When a suitable volume of blood has been obtained, apply pressure to the site with a sterile piece of gauze to stop the bleeding before returning the mouse to its cage. Then use the collected peripheral blood sample to assess the level of human immune cell reconstitution by flow cytometry using antibodies against human CD45, CD3, CD4, CD8, CD19 and mouse CD45. For fresh fecal sample collection, place individual autoclaved paper bags into a fume hood and place one mouse into each bag until each animal defecates.
Then return the mice to their cage, and use sterile forceps to transfer each fecal sample into one 1.5-milliliter tube per mouse for minus 80 degrees Celsius storage. At the end of the 14-day antibiotic treatment, change the drinking water to autoclaved sterilized water, and transfer the mice into a new autoclaved cage. 24 and 48 hours after the cessation of antibiotics thaw properly prepared sources of fecal microbiota transplant material, and aliquot the samples in an anaerobic chamber under anaerobic conditions.

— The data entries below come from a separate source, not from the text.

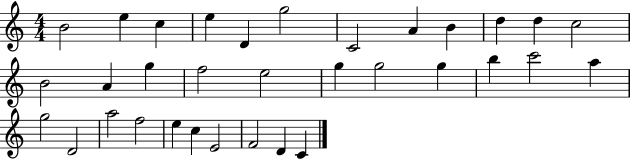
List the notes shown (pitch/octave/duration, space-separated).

B4/h E5/q C5/q E5/q D4/q G5/h C4/h A4/q B4/q D5/q D5/q C5/h B4/h A4/q G5/q F5/h E5/h G5/q G5/h G5/q B5/q C6/h A5/q G5/h D4/h A5/h F5/h E5/q C5/q E4/h F4/h D4/q C4/q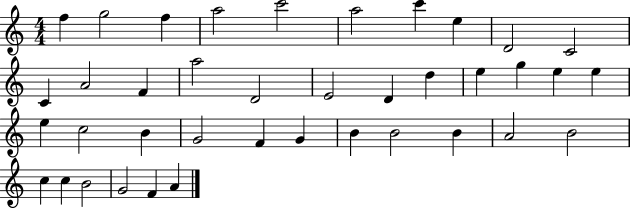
X:1
T:Untitled
M:4/4
L:1/4
K:C
f g2 f a2 c'2 a2 c' e D2 C2 C A2 F a2 D2 E2 D d e g e e e c2 B G2 F G B B2 B A2 B2 c c B2 G2 F A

To perform a fecal transplant, deliver 200 microliters of fecal microbiota transplant material via oral gavage to each experimental animal, and spread any remaining thawed material on the fur of humanized mice or onto the cage bedding. Here, an example of flow cytometry analysis of peripheral blood from a humanized BLT mouse 10 weeks post surgery is shown. T and B cell populations can both be identified, as well as CD4 and CD8 positive T cells subsets.
In this graph the relative abundance of the human fecal donor samples used to transfer a gut microbiome to create double humanized mice can be observed. The phenotypic changes to the spleen and cecum induced by antibiotic treatment is similar to that observed in germ-free animals. This principal component analysis plot of representative 16S ribosomal RNA sequencing data reveals that double humanized mice have human-like gut microbiomes that are unique to the human donor sample.
The most critical aspect of this protocol is to limit the introduction of unwanted bacteria to ensure the mice remain healthy and maintain the human gut microbiome. This model has the potential to advance personalized medicine and to allow us to look at how human disease impacts the gut microbiome while controlling for other mitigating factors.